这个不寻常的家伙长到这个月份,个头一定极大,他想。吃鱼饵吧,鱼儿。吃吧,请吃了它们。对于待在600英尺(1英尺≈0.30米)深黑沉沉的冷水中的你,这些鱼饵多么新鲜。摸黑再绕个弯儿,回来把它们吃了吧。
他感到了那种细微的轻拉,接着是更猛的一拉,看来哪条沙丁鱼的头一定更难从钓钩上撕扯掉了。随后便没有了一丝动静。
“来吧,”老人说出了声,“再绕个弯子。闻闻这些鱼饵吧。它们难道不鲜美吗?趁此刻新鲜,吃了它们,另外还有条金枪鱼。既壮又冰,味道还鲜美。别难为情,鱼儿,请吃吧。”
他把钓线掌控在大拇指和食指之间等待着,同时盯着它和其他几根钓线,因为这鱼可能已经向上游或向下游了。然后又是那种细微的轻轻拉力。
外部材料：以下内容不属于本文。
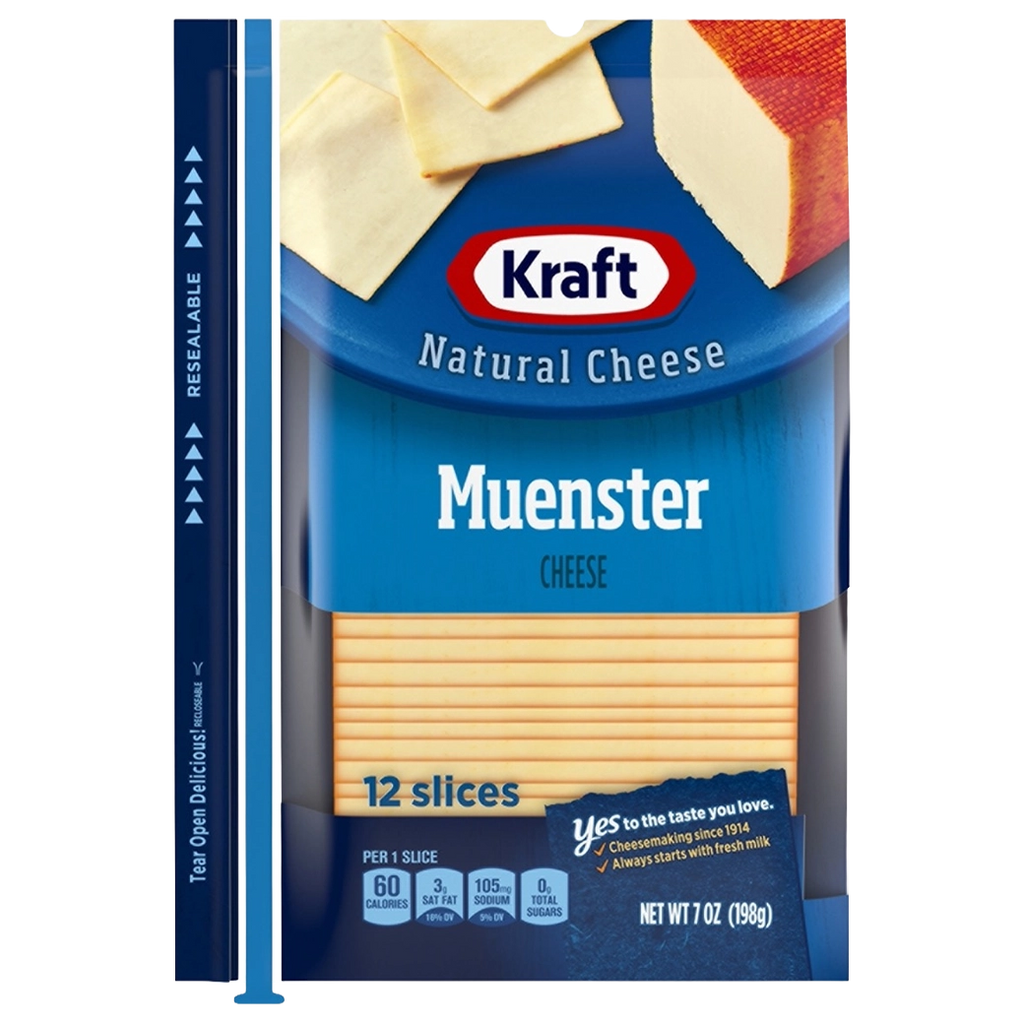KRAFT Muester Cheese Slices 7o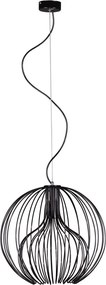 Czarna okrągła lampa wisząca loftowa - S541 D1-D57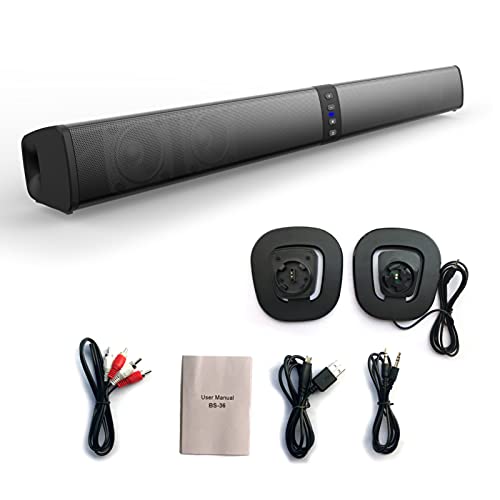 AJEERD Caixas acústicas Bluetooth sem fio Casa Multifuncional Home Theater Desdobrável Desdobrável H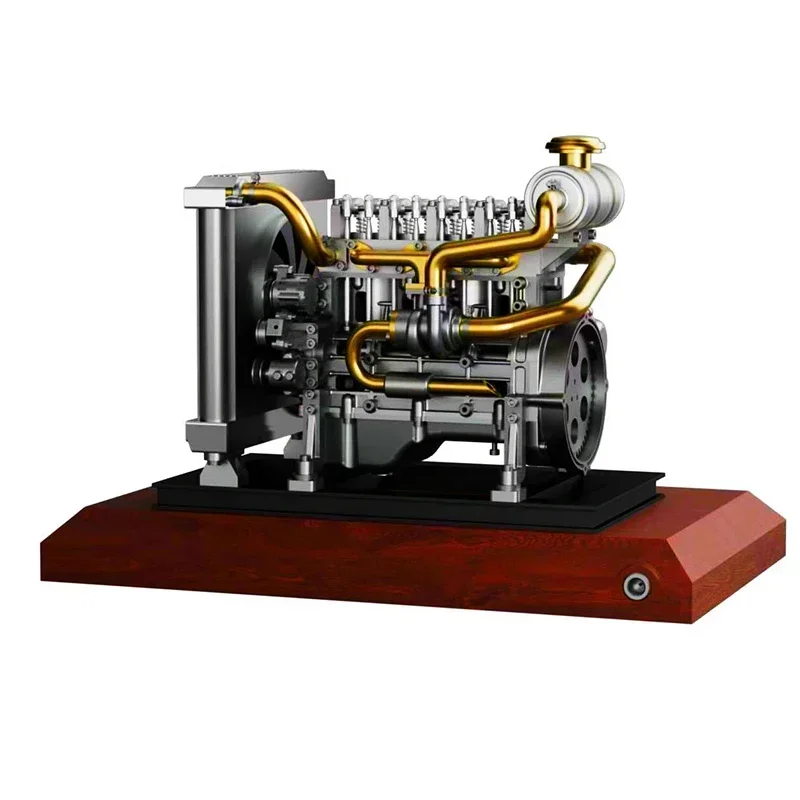 Diesel Engine Model, Metal Assembly, Can Start Mini Mechanical Assembly Toy Hot sales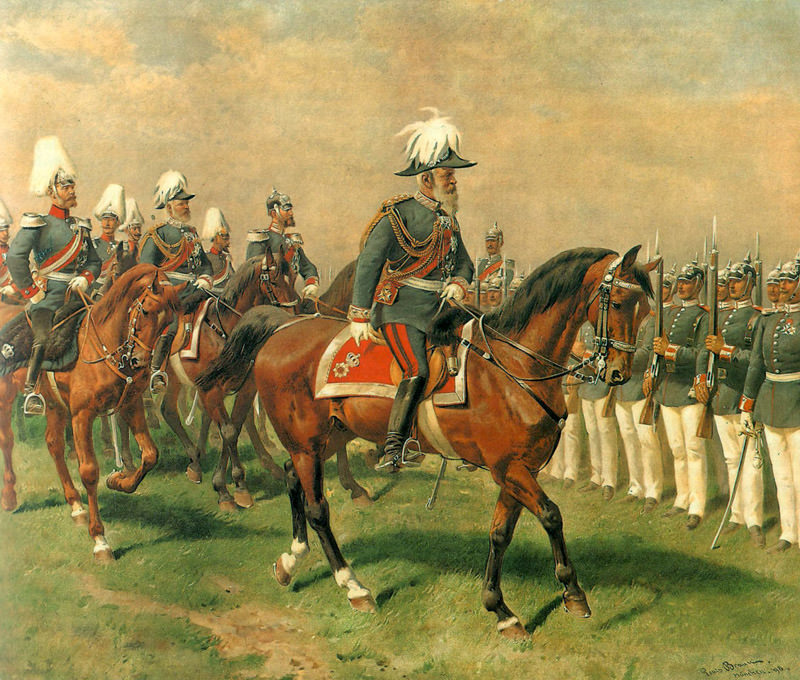 Prinzregent Luitpold bei der Frühjahrsparade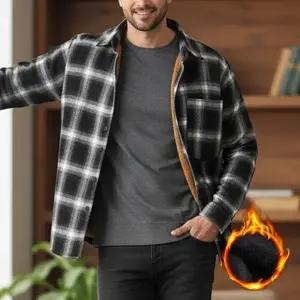 빅사이즈 기모 남성 2컬러 클래식 셔츠 IS-JK74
“它会咬饵的,”老人说出声来,“上帝帮帮它,让它咬饵吧。”
可是,它没有咬饵,游走了。老人没有感到有任何动静。
“它不可能走的,”他说,“天知道它是不可能游走的。它正在绕弯子吧。也许它以前上过钩,还有点儿印象。”
接着,他感到钓线轻轻地动了一下,他高兴起来。
“刚才它不过是在转身,”他说,“它会咬饵的。”
那轻微的一拉,让他很高兴。紧接着,他感到用力一拉,力量重得叫人难以相信。这是鱼本身的重量造成的,他展开两卷备用钓线中的一卷,任钓线下溜。钓线从指间轻轻下滑过程中,他依旧能感到那个巨大的分量,尽管他的大拇指和食指施加的压力简直小得令人难以觉察。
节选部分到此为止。